Pero comunicarse con un altoparlante se antoja un largo combate en tierras de la inutilidad. En aquel encierro compartido para ser, hay que leer, lo siente con una pasmosa seguridad, leer a secas o con un poco de suerte leer y después escribir, después soñar. Como si el sueño fuera el negativo de la realidad, todo cuanto escuchó despierto ahora es exactamente lo opuesto.
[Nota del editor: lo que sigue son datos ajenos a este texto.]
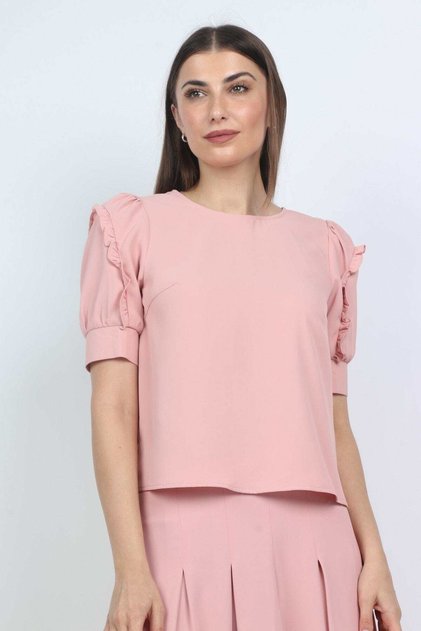 Women's Short Sleeve Ruffled Solid Blouse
Aquello sobre el peligro atroz de leer en la cárcel significa lo contrario, significa: lee o estarás acabado de antemano, lee y sabrás por fin por qué ellos no leen.
Pero Severo no tiene conciencia de estar muriendo, él sólo no puede defecar bien y por eso lo han traído al médico, para destupirlo. Siendo un adolescente (y aquí ya no sabemos si sueña o recuerda) padeció una infección en los oídos que lo mantuvo escuchando como dentro de un túnel por varios días. Su madre le dejaba caer unas goticas cada ocho horas que iban regulando el sonido; mientras estuvo en aquel túnel transcurrieron sus primeras lecturas.
Más tarde, cuando ya libre y cercano a la muerte reflexione sobre su imprevista fortaleza para sobrevivir, pensará en este recuerdo preciso, en los sueños en que abría un libro y las paredes a su alrededor se venían abajo.